Engineering students to race their autonomous cars Friday at Old Main in Tempe.
Designing the entire car takes computer science students beyond software.
April 27, 2016

Inaugural ASU computer science course teaches students how to design an entire system with self-driving cars

On Friday morning, man and machine will find themselves both tested.

The challenge for the robotic car? Make your way — on your own, of course — from University Drive about 250 yards to the steps of Old Main, avoiding students, skateboards, bicycles and the fountain.

The challenge for the students? Build a robotic car that can do all that.

It’s the final step in a course offered for the first time this semester at Arizona State University.

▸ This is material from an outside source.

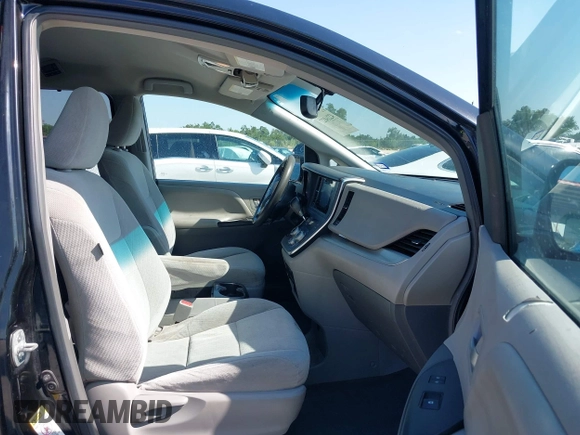 2015 Toyota Sienna LE AAS z VIN 5TDKK3DC0FS613377, wystawiony jako IAAI lot #42214127 z przebiegiem 135 836 mil mil oraz . Historia ofert i sprzedaży dostępna na DreamBid. Obrazek 5.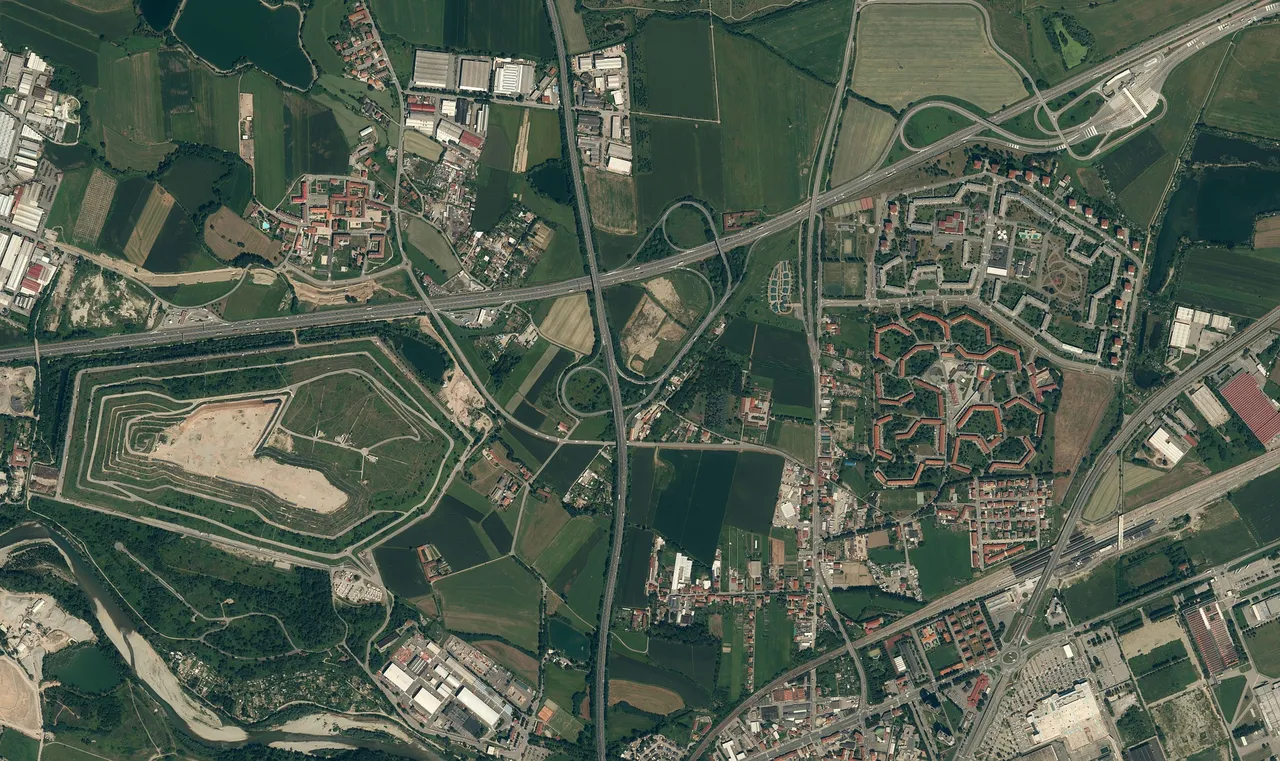 satellite-photos-610849_1920.jpg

Knowing how to write software isn’t enough any more, said Ira A. Fulton Schools of Engineering associate professor Aviral ShrivastavaShrivastava teaches in the Department of Computer Science and Engineering in the School of Computing, Informatics and Decision Systems Engineering, part of the Ira A. Fulton Schools of Engineering. He heads the Compiler and Microarchitecture Labs..

Computer science engineers need to learn to design an entire system.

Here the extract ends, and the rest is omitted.